House Minority Leader Nancy Pelosi (D-Calif.) on Sunday dismissed Mitt Romney’s statement that President Obama’s second term is rotting away.
Pelosi said she missed Romney’s appearance on “Meet the Press,” during which the former GOP presidential candidate said Obama’s broken promise that everyone who liked their healthcare plan could keep it has undermined Obama’s presidency.
“I don’t even know why Romney was on that show myself,” she said in an interview on MSNBC. “I want to know what about the future —what about the future. But the fact is that President Obama is a president of great vision, of great knowledge, of great judgment.”
Pelosi noted that Obama led the effort to overhaul the healthcare system, an effort in which former presidents have failed.
The Associated Press reported Sunday that at least 3.5 million people who buy insurance on the individual market have received cancellation notices for existing plans.
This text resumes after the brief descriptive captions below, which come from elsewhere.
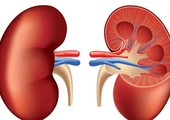 أوبئة أمراض الكلى لها صلة بزيادة موجات الحرارة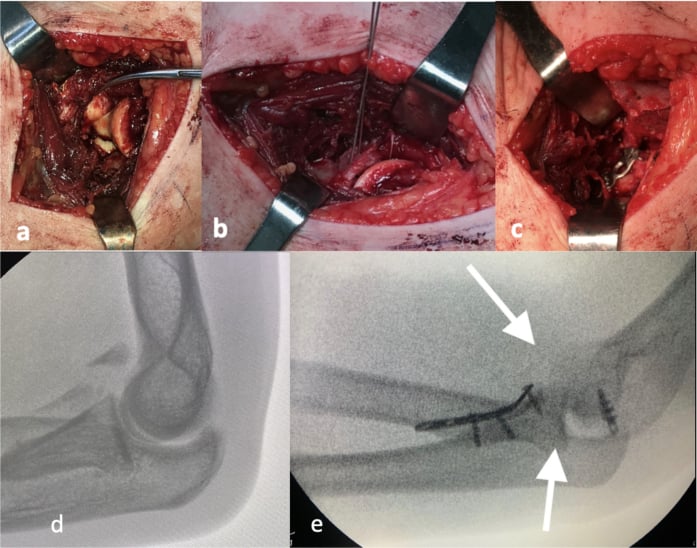 Intraoperative photographs of the anteromedial approach exposing the coronoid fracture with provisional Kirschner wire reduction and plate fixation, with fluoroscopic confirmation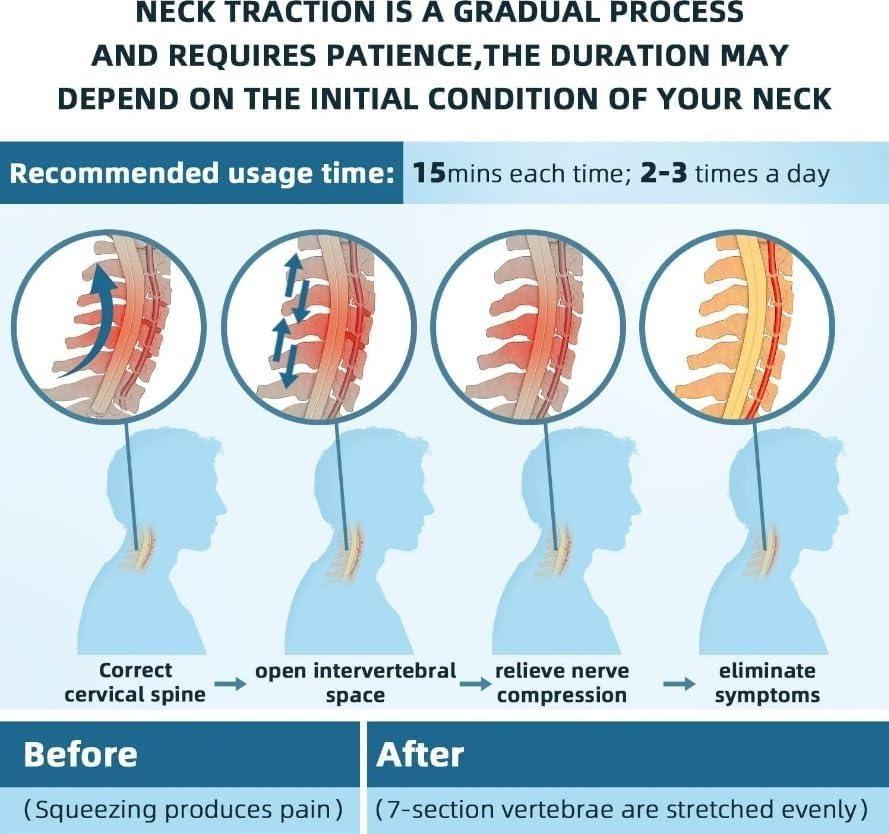 kumosaga kumosaga Kyrolabs Cerviflex Neck Stretcher, Cervical Neck Traction Electric Device, Kyrolabs Neck Brace for Neck Decompression and Neck Tension Relief, with 3 Power Traction and 8 Airbag Support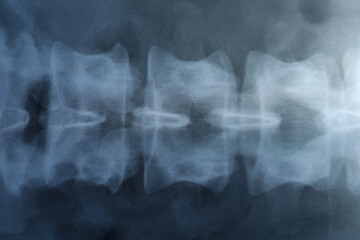 Naklejka premium X-ray image of spinal column as background, closeup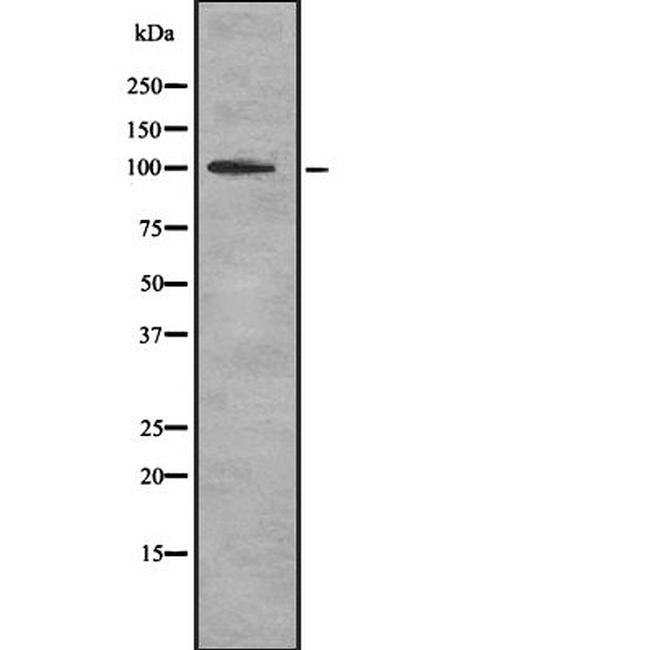 Thyroid Peroxidase Antibody in Western Blot (WB)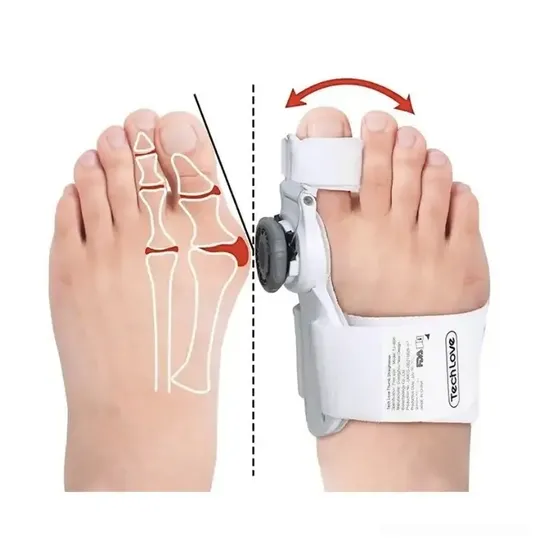 Corrector Juanetes Perilla Regulable Ferula Ortopedica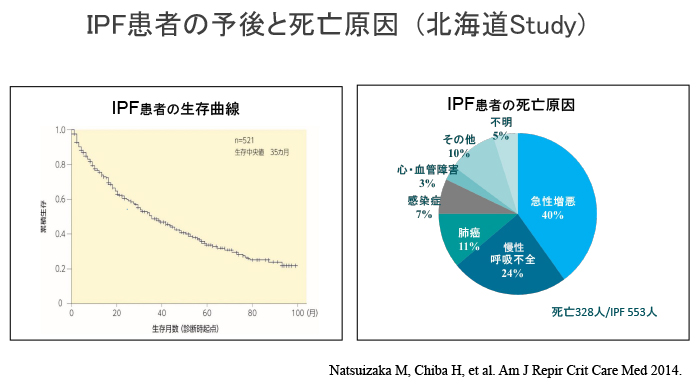 IPF患者の予後と死亡原因 (北海道Study)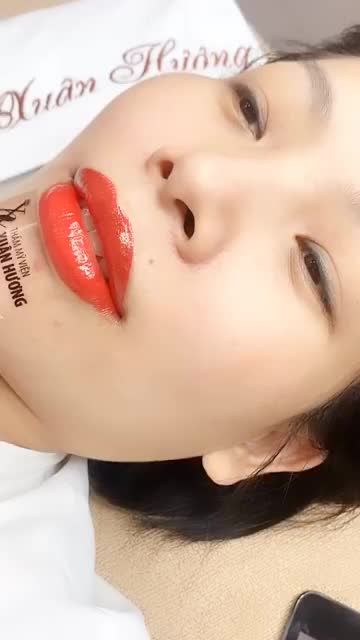 "MÃN NHÃN" VỚI KẾT QUẢ PHUN MÔI MIRACLE TẠI TMV XUÂN HƯƠNG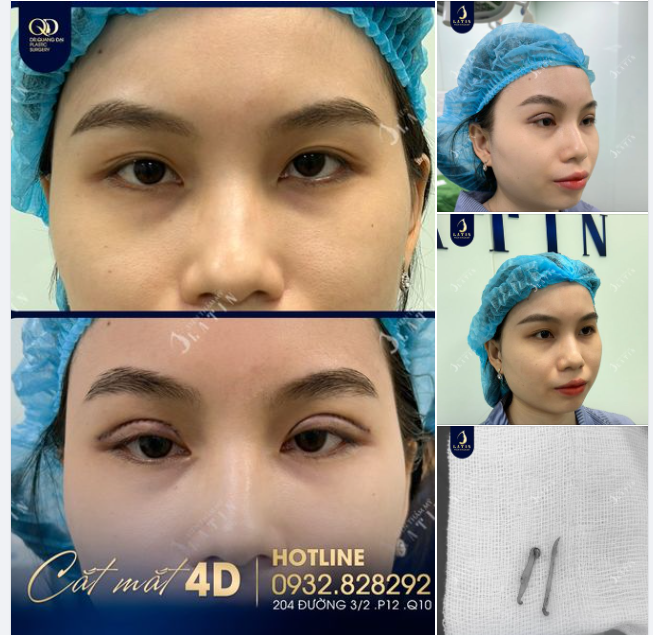 Cắt mí xinh, lung linh đón Tết. Thời điểm này cắt mí để ăn Tết quá là hợp luôn đó mấy nàng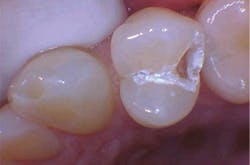 1804delow P02c 1804delow P02c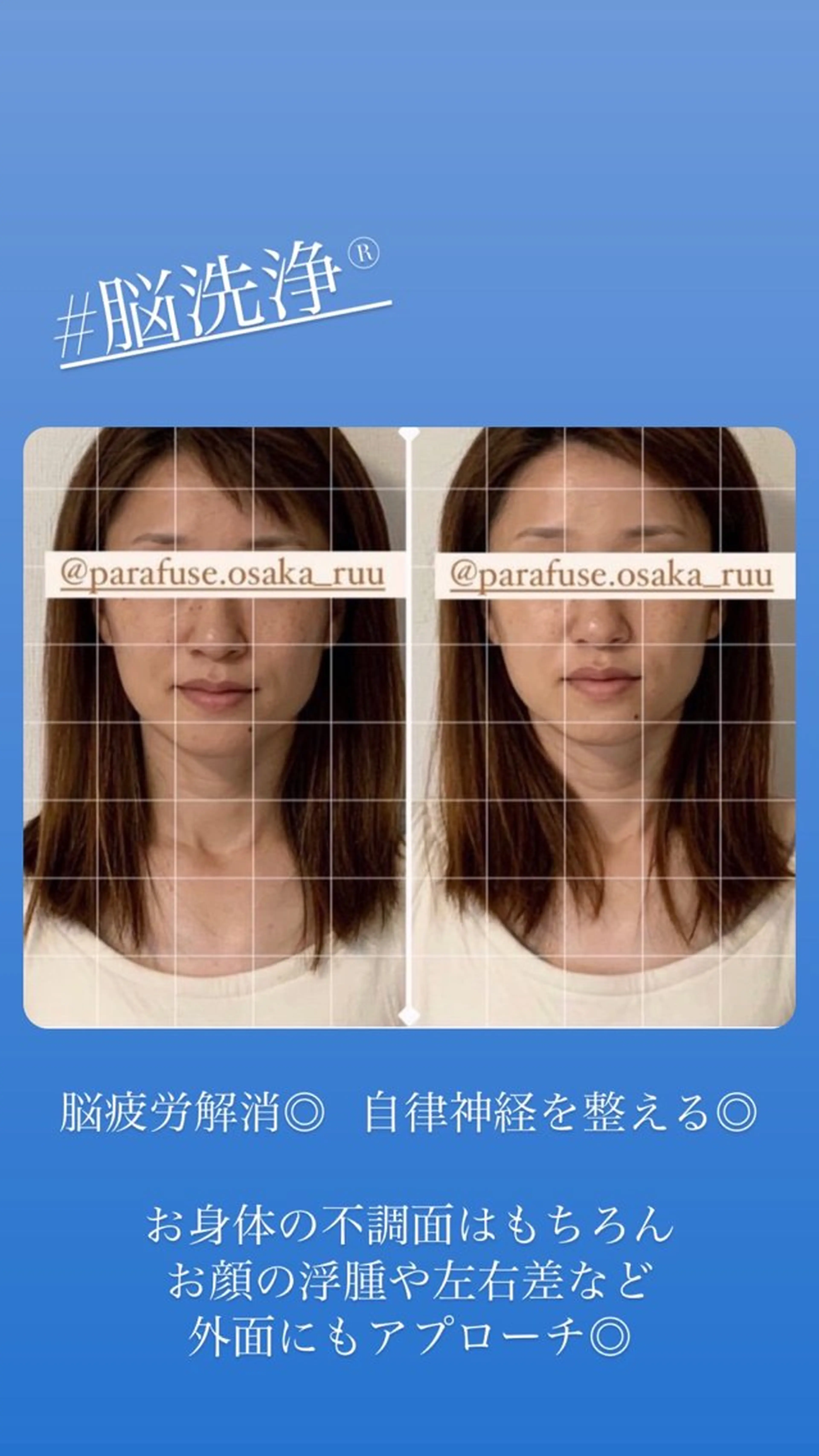 【頭痛、睡眠改善】 salon RUUのエステ・リラクイメージ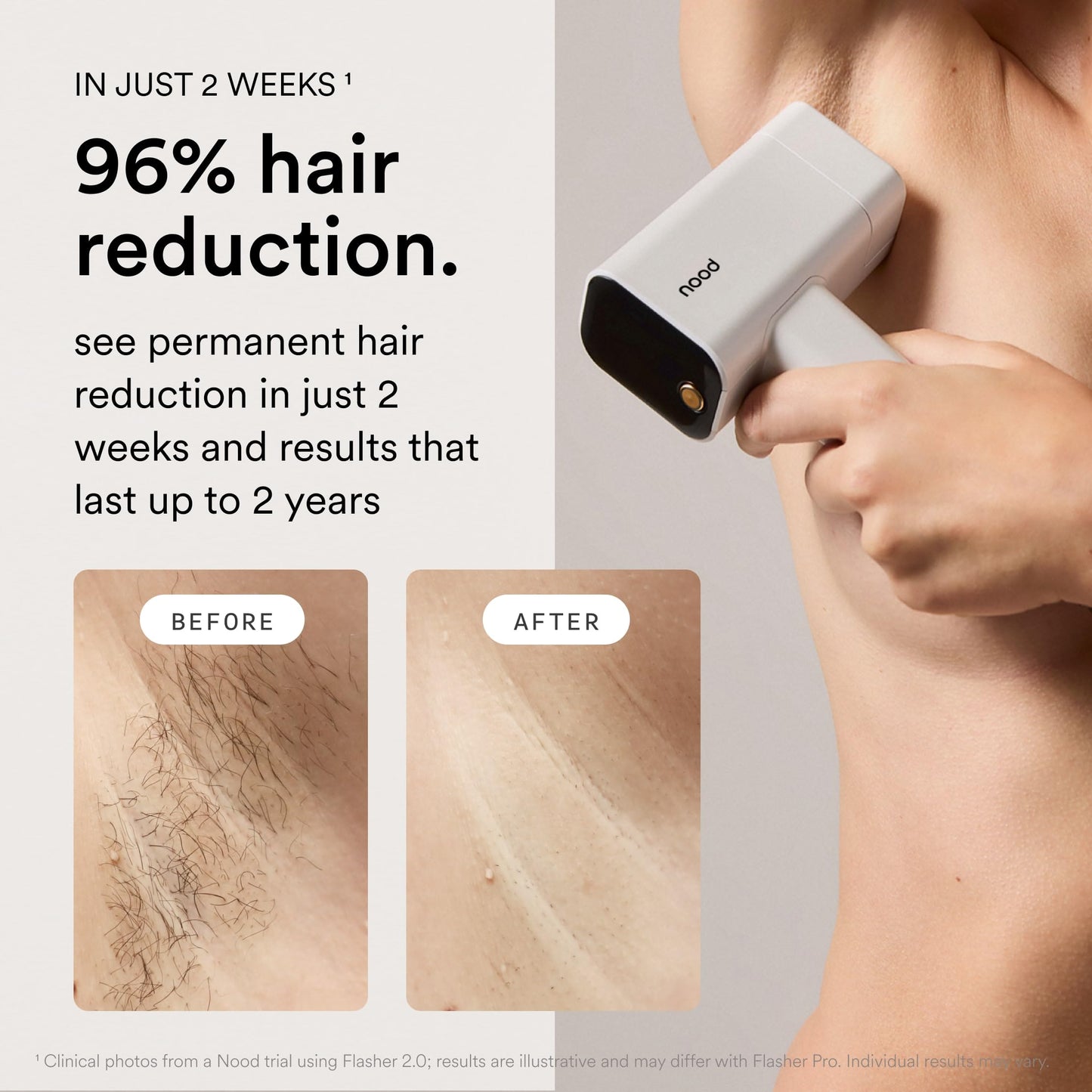 Nood™ NEW Flasher Pro + Slow-Grow Serum — IPL Laser Hair Removal Device for Women & Men + After Shave Serum to Slow Hair Regrowth While Reducing Ingrown Hair & Skin Irritation — Gloss White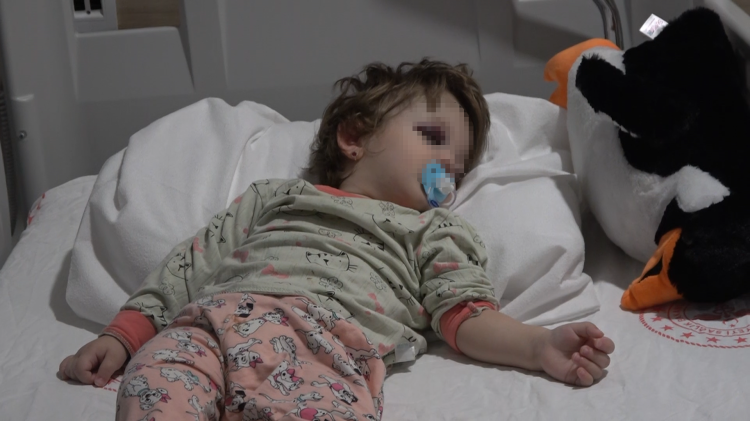 Yalova’da dehşet: 14 aylık bebeğin kafatası çatladı!-Bursa Hayat-3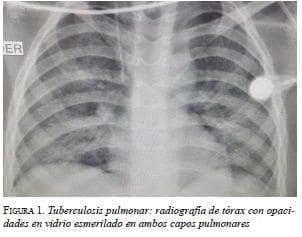 Tuberculosis Pulmonar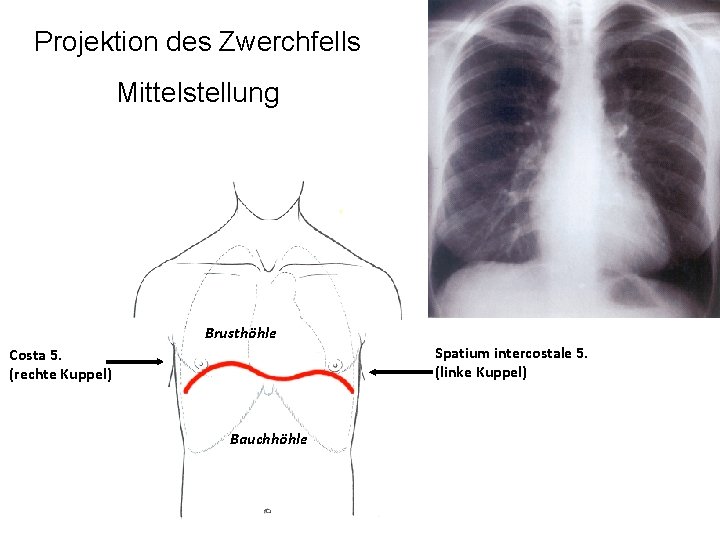 Projektion des Zwerchfells Mittelstellung Brusthöhle Spatium intercostale 5. (linke Kuppel) Costa 5. (rechte Kuppel)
The administration has consistently noted that the individual market makes up 5 percent of people.
“For 95 percent of the American people who have health insurance that is the case,” Pelosi said. “For the small number in the private market, they will do better.”
For people with preexisting conditions, Pelosi called the healthcare law a “godsend, emphasis on the God.”
Pelosi predicted that the healthcare law, and its botched rollout, will not be an issue in the 2014 midterm elections.
“I don’t even think of it as a political issue,” she said. “But for the American people this will be a giant plus.”
The minority leader reiterated her point that Democrats have a better chance of winning back the House in the midterms because fallout hitting Republicans due to the government shutdown.
Heading into the House-Senate budget conference that has a December deadline to come up with a spending plan, Pelosi said revenue will need to be on the table and predicted Obama and others in the conference would hold firm.
“I think we will all stay there together,” she said. “If you have revenue on the table, you can come to a bigger agreement to reduce the deficit and grow the economy to do so in a fiscally sound way.”